Question

Show that \(\arctan (\sinh x)=\arcsin (\tanh x)\).

Short answer

The given expression \(\arctan (\sinh x)=\arcsin (\tanh x)\) can be proved by converting the functions to their exponential equivalents and applying proper identities. After performing the necessary steps and comparing both sides, we can assure that the expression is true.

Step-by-step solution

Convert the Left Side

Begin by converting \(\sinh x\) into exponential form. This is given by \(\sinh x = \frac {e^x - e^{-x}}{2}\). So, \(\arctan(\sinh x) = \arctan(\frac {e^x - e^{-x}}{2})\).

Apply Arctan Identity

Now apply the identity \(\arctan (a) = \frac{\pi}{4} + \frac{1}{2}\ln(1-a^2)\) to rewrite \(\arctan(\frac {e^x - e^{-x}}{2}) = \frac{\pi}{4} + \frac{1}{2}\ln(1-(\frac {e^x - e^{-x}}{2})^2)\).

Convert the Right Side

Similar to Step 1, convert \(\tanh x\) into exponential form, i.e., \(\tanh x = \frac {e^x - e^{-x}}{e^x + e^{-x}}\). So, \(\arcsin(\tanh x) = \arcsin (\frac {e^x - e^{-x}}{e^x + e^{-x}})\).

Apply Arcsin Identity

Now apply the arcsin identity, \(\arcsin(a) = \frac{\pi}{2} - \arccos(a)\), to rewrite \(\arcsin (\frac {e^x - e^{-x}}{e^x + e^{-x}}) = \frac{\pi}{2} - \arccos(\frac {e^x - e^{-x}}{e^x + e^{-x}})\).
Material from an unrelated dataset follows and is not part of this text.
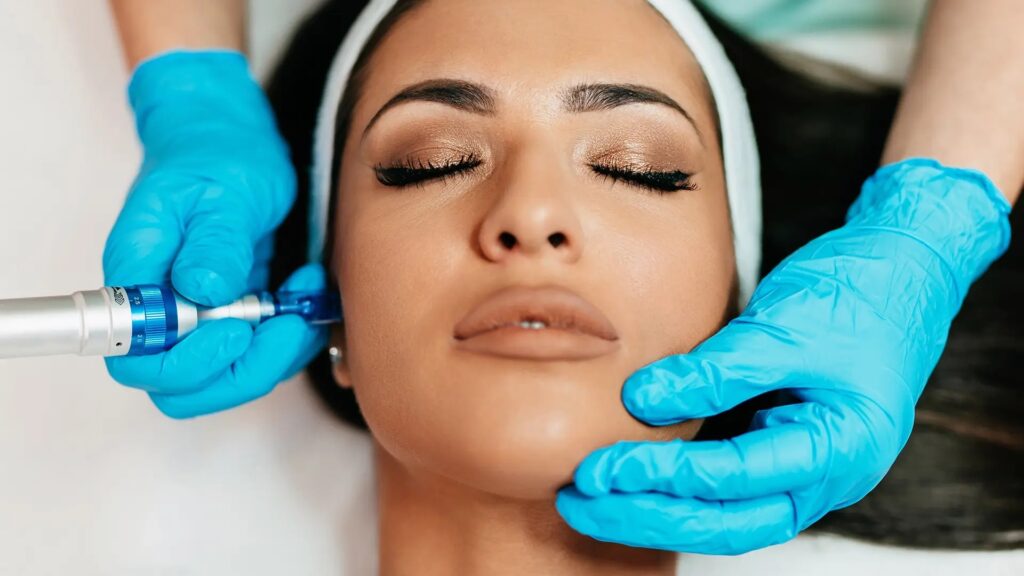 Facial Microneedling in Lauderdale Beach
Compare Both Sides and Simplify

After performing the substitutions and identity applications, both sides of the equation should be compared. If the left side equals the right side, then the original expression \(\arctan (\sinh x)=\arcsin (\tanh x)\) holds true.